BALTIC Centre for Contemporary Art presents the first major solo show by British video-maker Elizabeth Price. The exhibition comprises of three works: Choir 2011, shown for the first time in its entirety, User Group Disco 2009 and the new West Hinder 2012.
Price creates dense and immersive video installations that bring together image, text and music in apocalyptic, phantasmagorical narratives. She uses existing bodies of historical material to generate fantasy stories, drawing upon archives of photography, film and collections of artefacts. In each work the narration, delivered through on- screen rolling text, is also derived from existing sources – information produced by corporations and public institutions along with texts from philosophical essays, advertising scripts and literary stories.
Choir 2011 is a trilogy of videos that draws on three very different archives of photography and digital film. Throughout the video, Price plays with the dual meaning of the title, which can refer to either an ensemble of singers or an area of a church. This word play evolves as the film moves between the space of the choir and the assembly of the chorus. The edit combines photographs and archival research of church architecture set against an intense soundtrack of distorted noise, singing, appropriated pop melodies and the sound of staccato handclaps. Together with archival material drawn from performances and news archives, the three sections combine to create a dissonant concert.

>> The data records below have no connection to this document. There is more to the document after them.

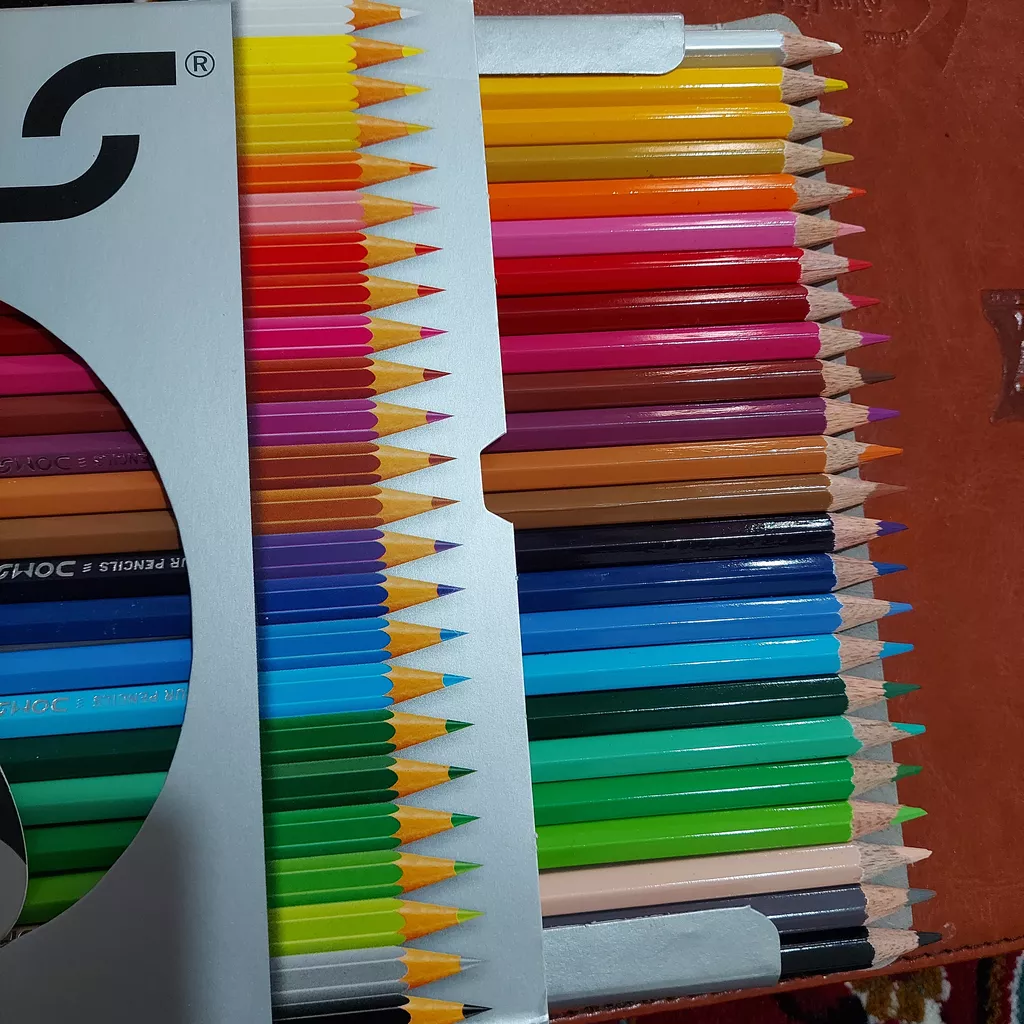 مداد رنگی 24 رنگ دامز کد 024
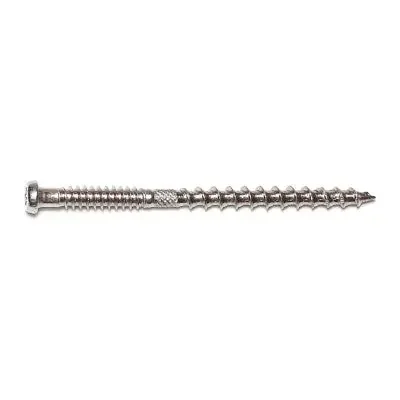 10 x 3″ Star Drive Stainless Steel Composite Deck Saberdrive Screws 1 lb. Box (71 pcs.)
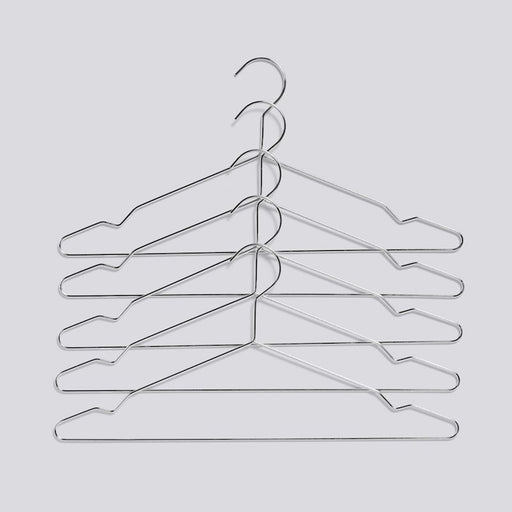 HAY Hang Set of 5 Silver - Kleiderbügel 5er Set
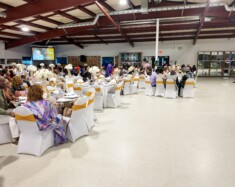 Un aperçu partiel du décor somptueux de la salle du SMP Gala. 
 &mdash; Crédit : Da-Jiang Innovations 
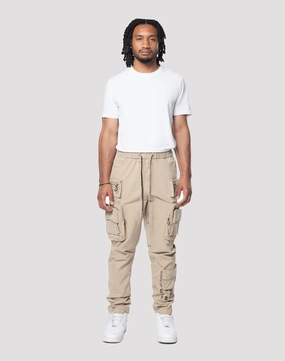 Grindhouse Utility Khaki Nylon Pants Spandex - incorporated fashion Beaded fashion items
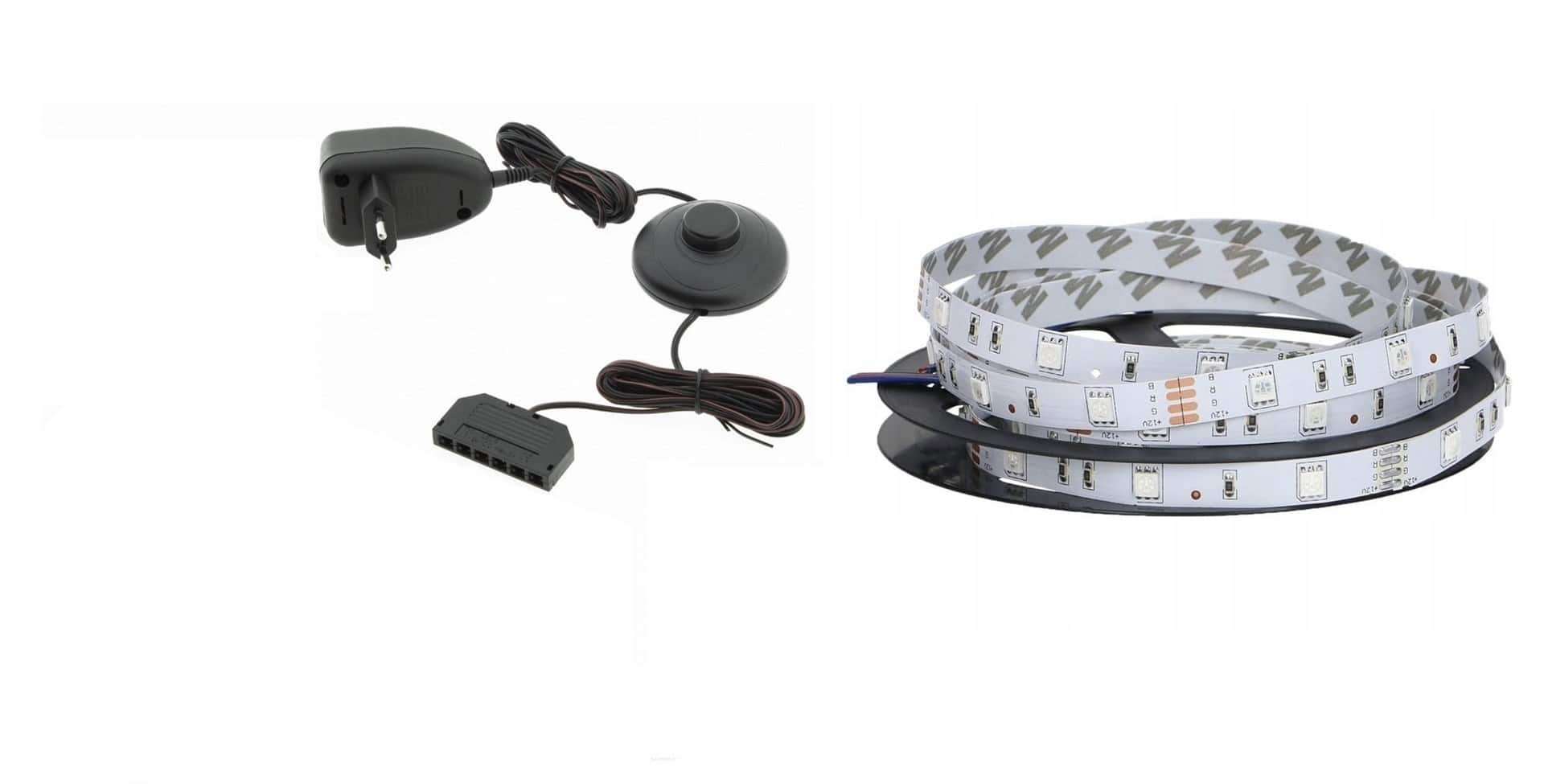 Oświetlenie szafka nocna QIU 2szt. niebieskie — zdjęcie 1 z 5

User Group Disco 2009 is set in the ‘Hall of Sculptures’, a fictional institutional building. Through a series of reveries and hallucinations a collection of redundant and kitsch consumer objects swirl in the darkness. Appearing like debris, these varied utensils and ornaments defy their categories of definition or their place in the museum. Through on-screen text and bold graphics, the narrators – a hidden, collective voice – gradually define a new space for the neglected objects to reside. The viewer is witness to an intense dance of objects and text, a visual collage, of juxtaposition, accumulation and sensory overload.
Human action is rarely featured directly in Price’s work; the dramas are instead expressed via objects and soundtracks. Commodity culture and consumerism are reoccurring themes and are acknowledged as complex and determining expressions of human lives, social relationships and our collective ideas. Price’s latest video, West Hinder 2012, explores these concerns through a ‘ruined cargo’ – a container- ship of new, luxury cars, at the bottom of the sea. For this video Price has worked with composer and musician Brian Rietzell, who created the BAFTA nominated soundtrack for Lost in Translation. The video guides a descent to the site of a shipwreck, a location made visible using degraded and saturated video accompanied by a soundtrack of distorted electronic noise. The narration, delivered by a chorus of synthetic voices, expresses the lost cargo as a collective will: a repressed, psychic force, emanating from the deep.